[Image-text web data]
● ● ●
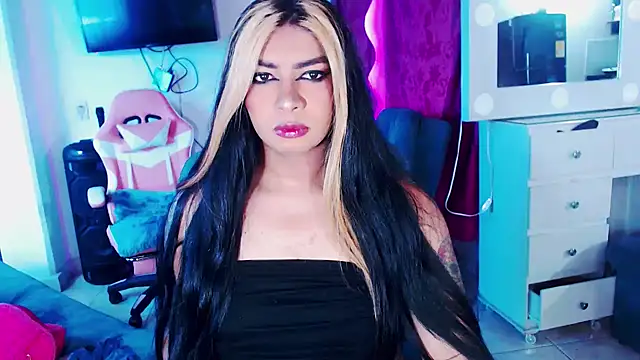 violet bigcock774 online show from 12, 11, 2025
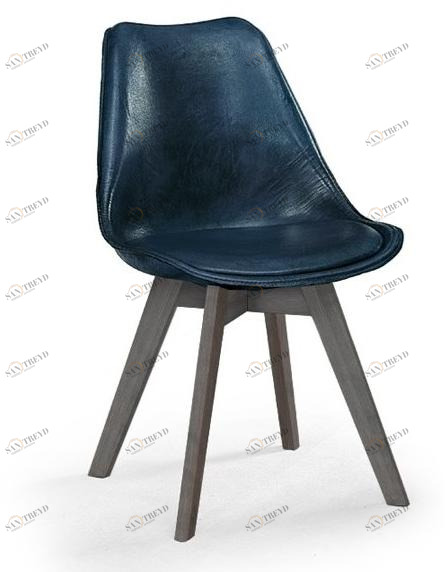 Oliver B. Кожаное кресло Oliver b. wild sun-id-1499621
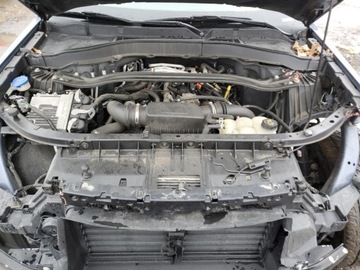 Ford Explorer VI 2021 Ford Explorer ST 2021 3.0l 3.0 Benzyna 400KM, zdjęcie 6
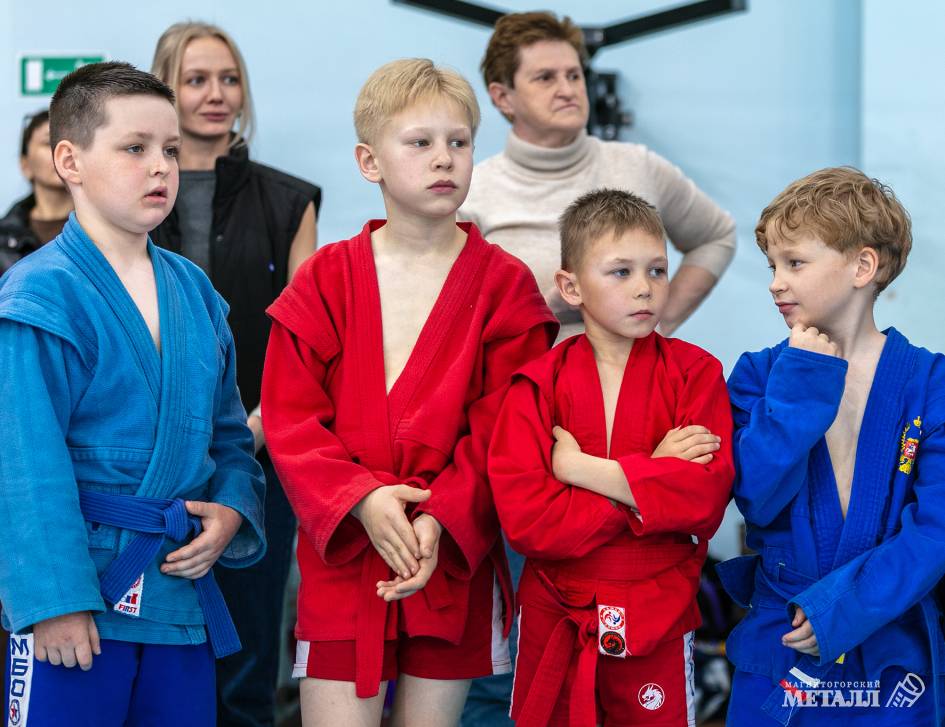 Наследники подвига | Фотография 11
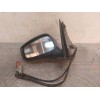 Recambio de retrovisor izquierdo para fiat stilo (192) 1.9 jtd cat referencia OEM IAM   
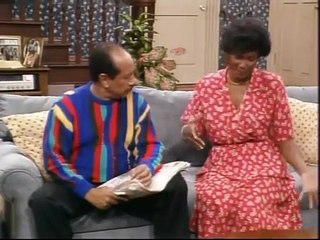 Thelma\'s Little Girl (Requested)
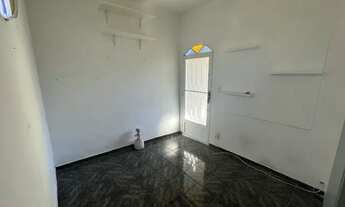 Imagem 6: Casa para alugar em São Gonçalo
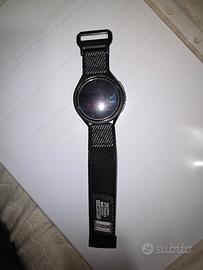 galaxy whatch6 classic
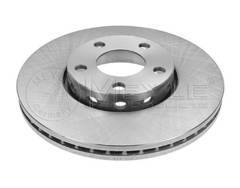 Bremžu diski 1155211040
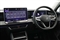 Volkswagen Tiguan Image 2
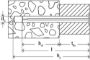 Afbeelding - https-www-ez-catalog-nl-Asset-24a0fae777eb44f5ab6fa0e45e9f3c55-ImageFullSize-w1-pf-z-01-fnh-f-sall-aqq-v1-jpg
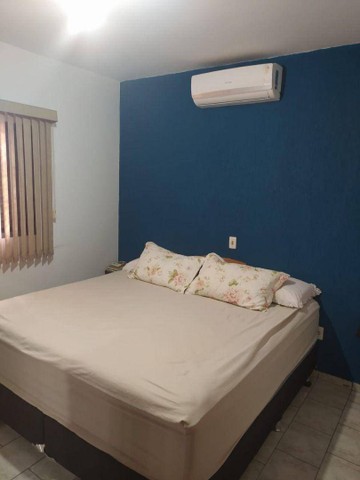 Sobrado com 4 dormitórios à venda, 242 m² por R$ 450.000,00 - Centro - Cedral/SP - Foto 10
● ● ●
* _Task requirements_: Set every line of the records down again exactly, and exclude all pictures.

* _Solved exercise_:
 violet bigcock774 online show from 12, 11, 2025
 Oliver B. Кожаное кресло Oliver b. wild sun-id-1499621
 Ford Explorer VI 2021 Ford Explorer ST 2021 3.0l 3.0 Benzyna 400KM, zdjęcie 6
 Наследники подвига | Фотография 11
 Recambio de retrovisor izquierdo para fiat stilo (192) 1.9 jtd cat referencia OEM IAM   
 Thelma\'s Little Girl (Requested)
 Imagem 6: Casa para alugar em São Gonçalo
 galaxy whatch6 classic
 Bremžu diski 1155211040
 Volkswagen Tiguan Image 2
 Afbeelding - https-www-ez-catalog-nl-Asset-24a0fae777eb44f5ab6fa0e45e9f3c55-ImageFullSize-w1-pf-z-01-fnh-f-sall-aqq-v1-jpg
 Sobrado com 4 dormitórios à venda, 242 m² por R$ 450.000,00 - Centro - Cedral/SP - Foto 10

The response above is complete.